Sebagai putra daerah, tentu saja para tokoh tidak abai memperhatikan perkembangan kabupaten dengan segala dinamika. Dalam vidio di media sosial yang disiarkan langsung salah seorang jurnalis dari lokasi pertemuan, saya melihat bupati dan wakil bupati tekun mendengarkan paparan dari para tokoh dengan semua harapan, keinginan, ide, saran, bahkan tidak sedikit paparan yang mempertanyakan dan menyentil.
Darmin Nasution, mantan Menko Perekonomian RI, mempertanyakan keseriusan Pemkab Madina mempercepat pembangunan yang diusung sebagai tema pertemuan. Tidak kalah getol memberikan masukan yakni Komjen Purn (Pol) Saud Usman Nasution.
Saud Usmad tak segan menyentil dan mempertanyakan progres pembangunan bandara bukit Malintang.
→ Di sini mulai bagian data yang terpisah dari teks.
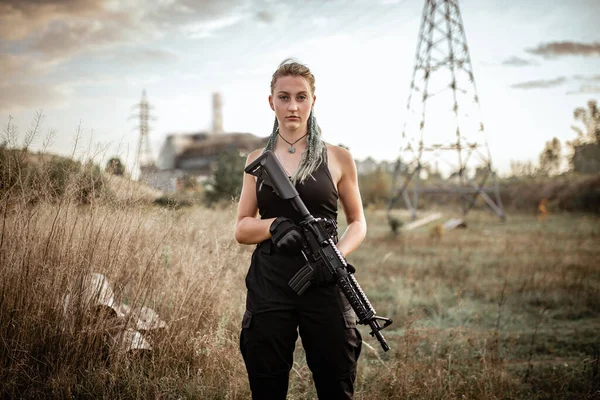 Mulher Sexy Posando Com Rifle Livre Fundo Sarcófago Chernobyl — Fotografia de Stock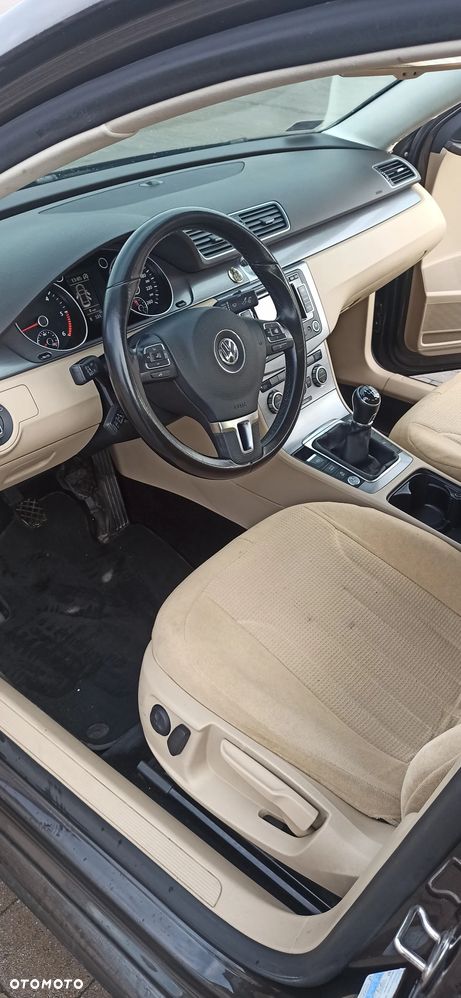 Volkswagen Passat 2.0 TDI Comfortline - 4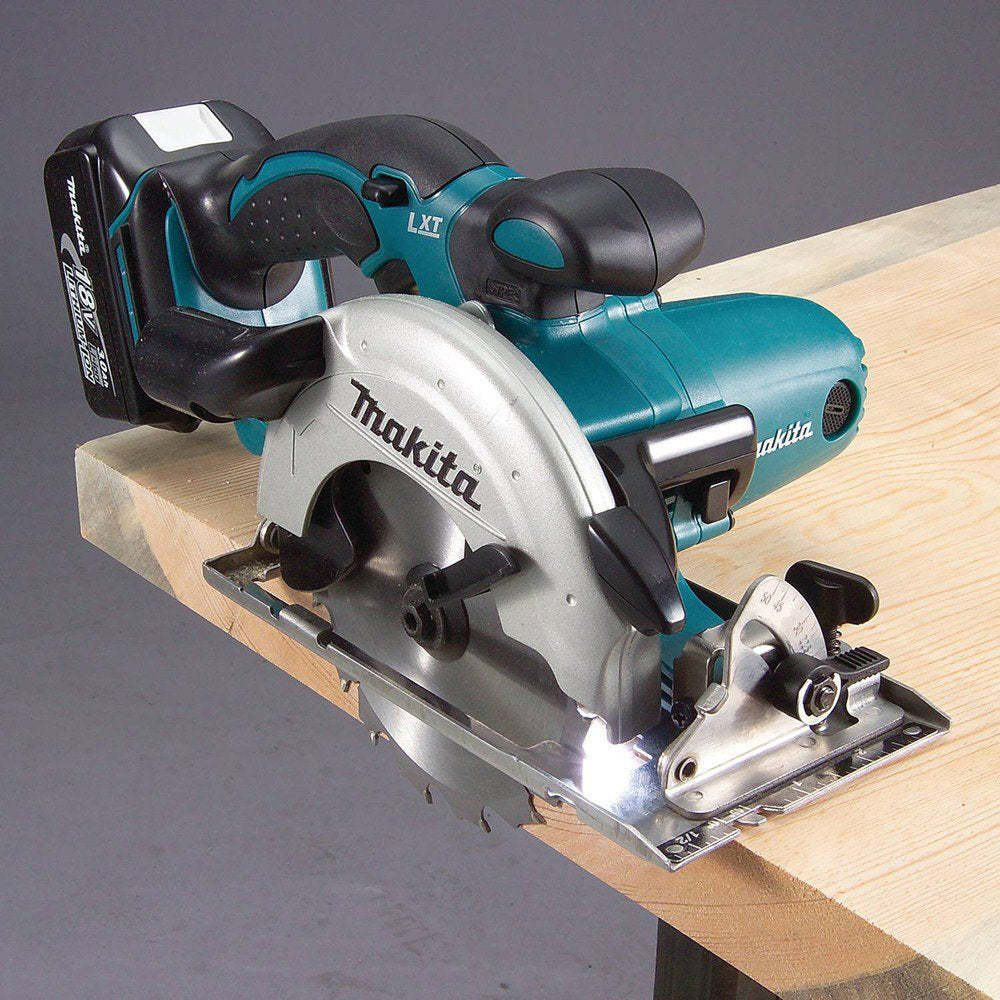 Makita XSS03Z 18-Volt 5-3/8-Inch Lithium-Ion Circular Trim Saw, - Bare Tool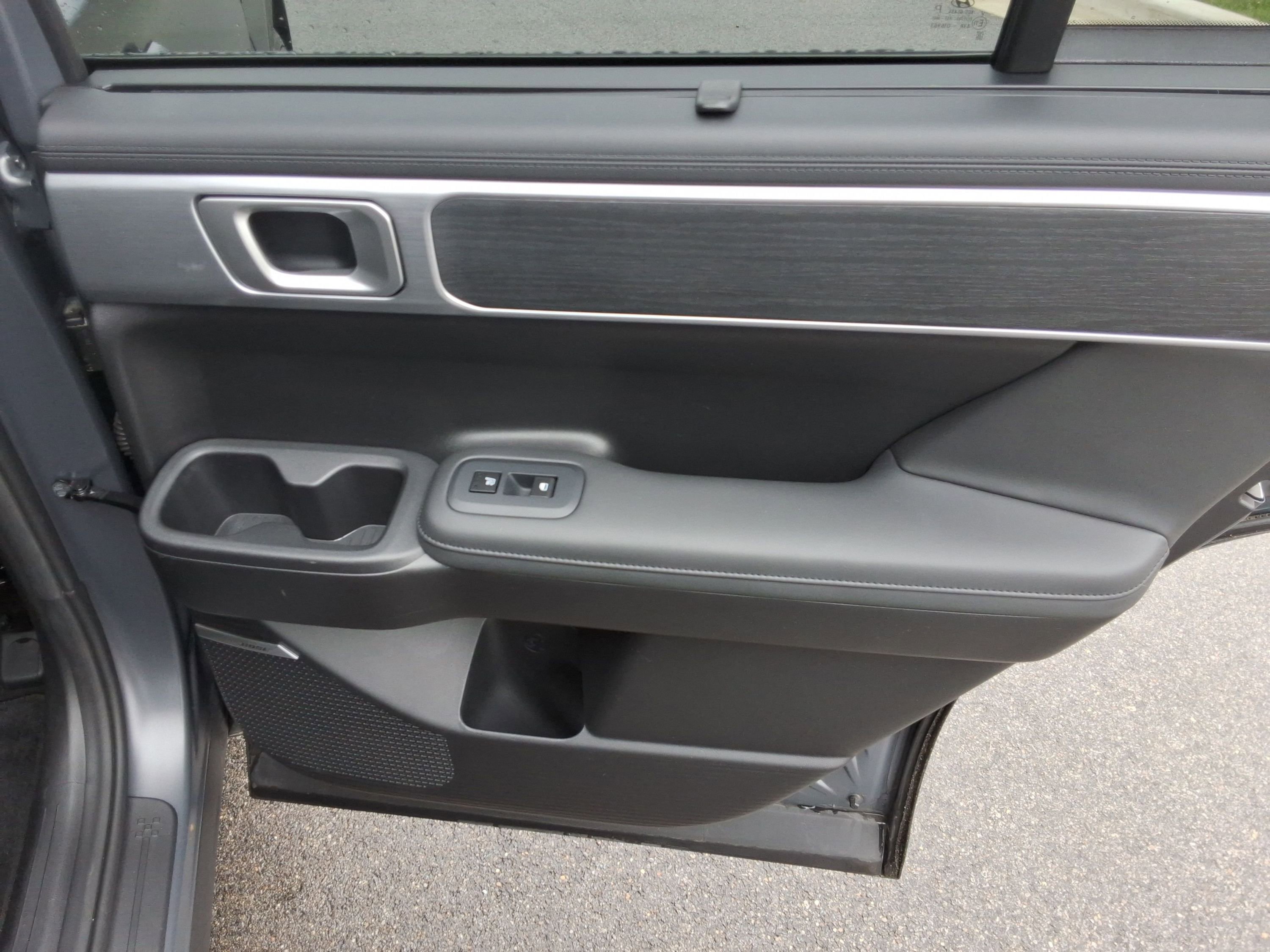 Used 2025 Hyundai Santa Fe Limited image 26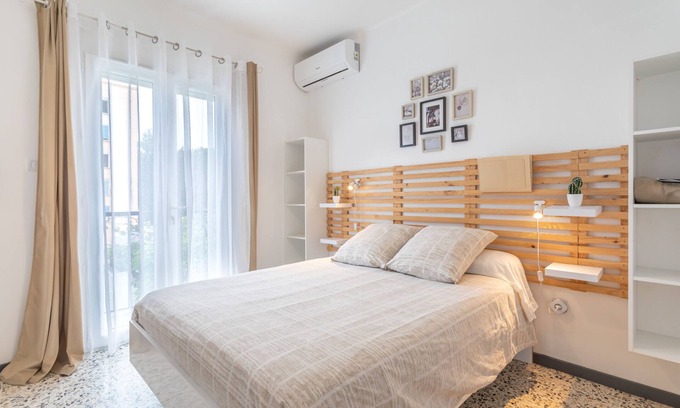 Les Coves Apartment | Canigou Et Jo room with shared garden, Wi-Fi and air conditioning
Dia bahkan berkomitmen menghibahkan tanah seluas tiga hektar untuk pembangunan stadion di Siabu sepanjang pemerintah benar-benar menunjukkan keseriusan.
Semangat berkonstribusi terhadap percepatan pembangunan semakin menguat saat si ekonom Faisal Basri mengakui pertemuan tersebut sudah bagus, tinggal bagaimana tindaklanjut dalam FGD terbatas sesuai kebutuhan mengelaborasi persoalan dan problem solving-nya.
Di dalam kertas kerja presentasi, wakil bupati Madina secara gamblang mengurai kondisi ekonomi makro serta persoalan dan solusi yang diharapkan.
Bak gayung bersambut dengan paparan para tokoh tersebut, atas nama Pemkab Madina dia mengharapkan kontribusi dan sinergi dari para tokoh parantau, sehingga pembangunan yang sedang dan akan dilaksanakan berjalan maksimal.
Suatu pengharapan yang lahir dari kesungguhan. “Harapan kita melalui silaturrahmi dan forum dialog pembangunan seluruh stakeholder dapat bergandengan membangun Madina sehingga suatu saat kabupaten ini sejajar dengan kabupaten lain yang sudah maju,” kata Ja’far Sukahiri Nasution, bupati Madina, jelang pelaksanaan pertemuan tersebut.
Kesediaan bupati dan wakil bupati Madina mendengar langsung penyempaian para tokoh-tokoh merupakan bentuk keterbukaan terhadap persoalan-persoalan pembangunan Madina, sehingga para perantau memahami kondisi sebenarnya.
Secara gamblang, bupati memaparkan kondisi Madina, pun hal yang sama juga dilakukan wakil bupati.
Percepatan pembangunan memang mutlak mendengarkan semua pihak dan stakeholder sehingga program pembangunan Madina kedepan berjalan baik dan maksimal.
Peran serta perantau yang sukses di eksekutif, legislatif, yudikatif serta swasta sesungguhnya penting dimaksimalkan sehingga menjadi kekuatan pembangunan.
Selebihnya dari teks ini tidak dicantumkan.